◆ Records from a data collection
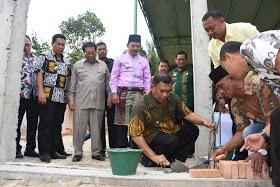 Bupati Letakkan Batu Pertama Pembangunan Kantor Desa Tanjung Morawa B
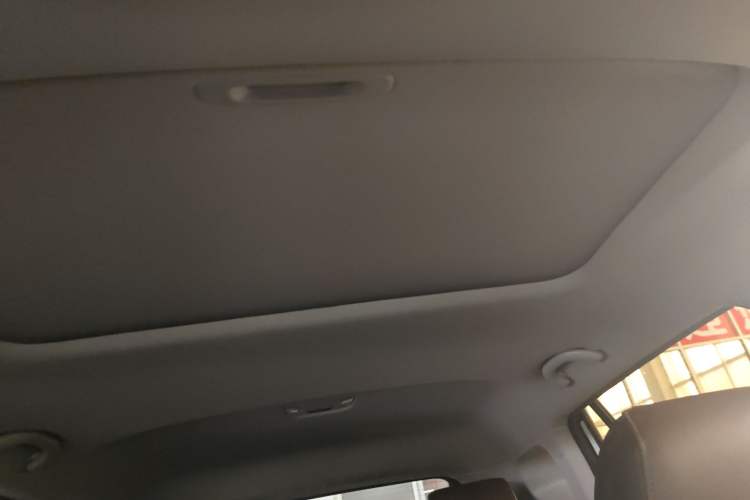 Used GAC Trumpchi GS4 2017 235T G-DCT Two-Wheel Drive Elite Edition Headliner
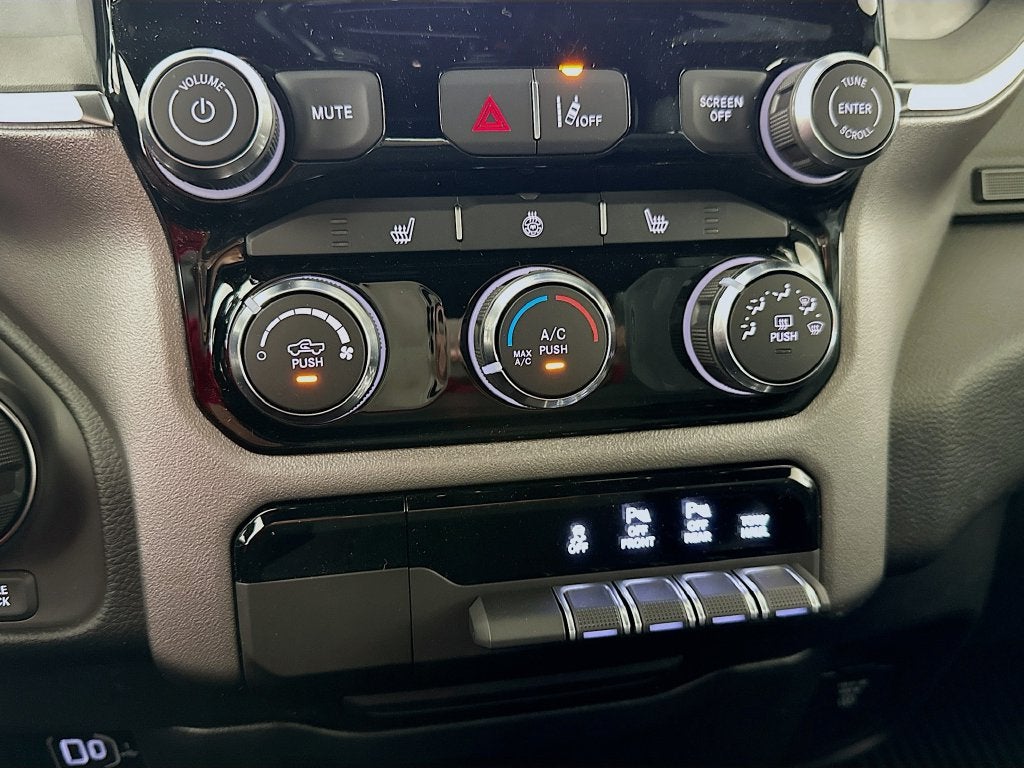 2026 RAM 1500 Big Horn Crew Cab 4x4 5'7' Box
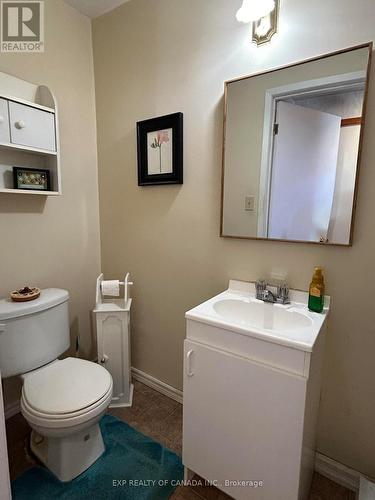 160 Dome Avenue, Timmins, ON - Indoor Photo Showing Bathroom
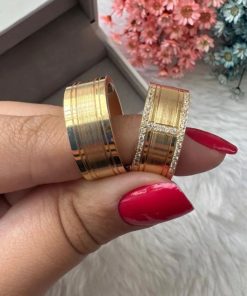 Alianças de Casamento 8mm | Polida com Centro Fosco Diamantado | Moeda Antiga Banhada a Ouro 18K | Feminina com 35 Pedras de Zircônia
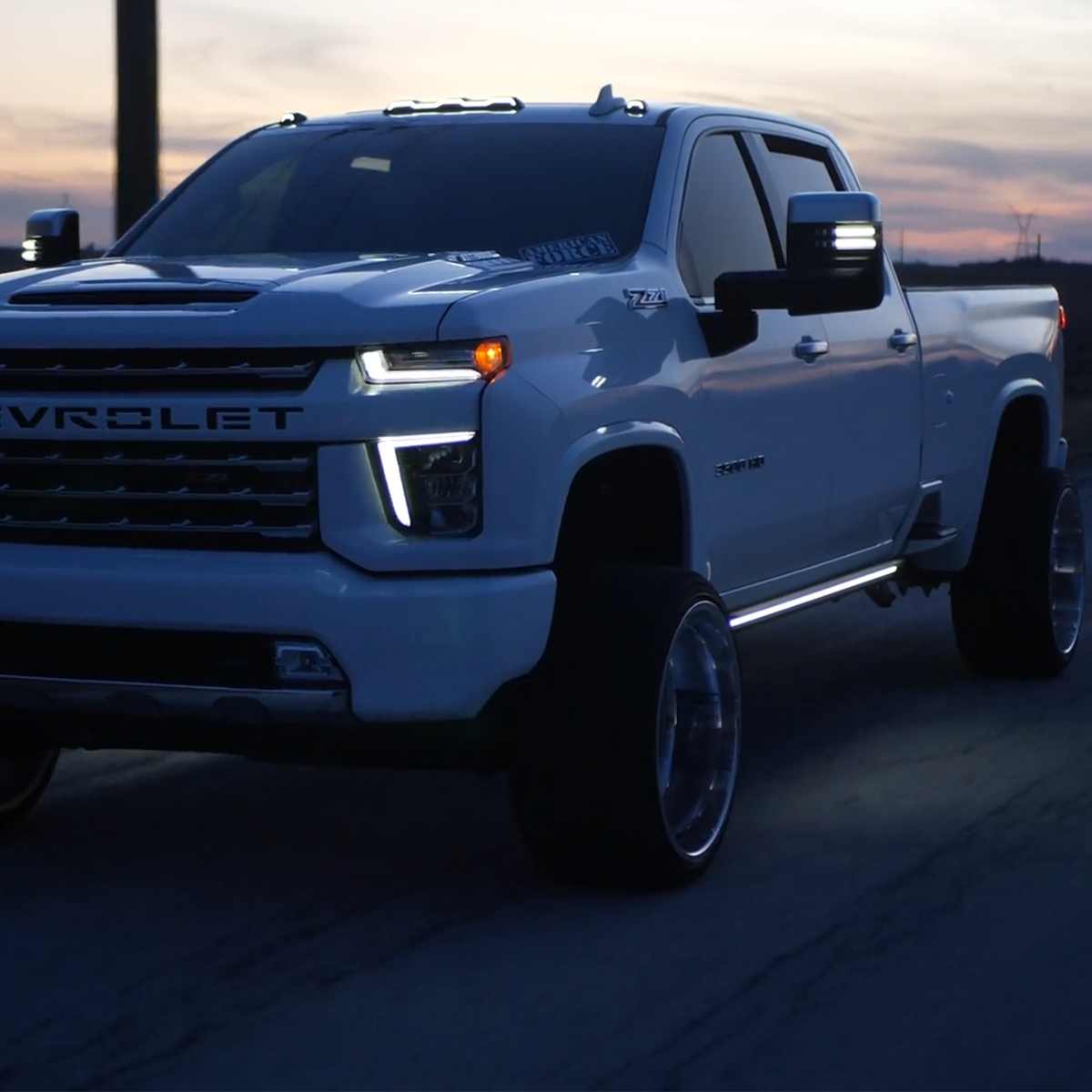 2020-2026 Chevy Silverado & GMC Sierra 2500/3500 | Powered Light Up Running Boards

◆ WHAT TO DO
What you produce should repeat the data word for word while omitting all images.

◆ YOUR RESPONSE
 Bupati Letakkan Batu Pertama Pembangunan Kantor Desa Tanjung Morawa B
 Used GAC Trumpchi GS4 2017 235T G-DCT Two-Wheel Drive Elite Edition Headliner
 2026 RAM 1500 Big Horn Crew Cab 4x4 5'7' Box
 160 Dome Avenue, Timmins, ON - Indoor Photo Showing Bathroom
 Alianças de Casamento 8mm | Polida com Centro Fosco Diamantado | Moeda Antiga Banhada a Ouro 18K | Feminina com 35 Pedras de Zircônia
 2020-2026 Chevy Silverado & GMC Sierra 2500/3500 | Powered Light Up Running Boards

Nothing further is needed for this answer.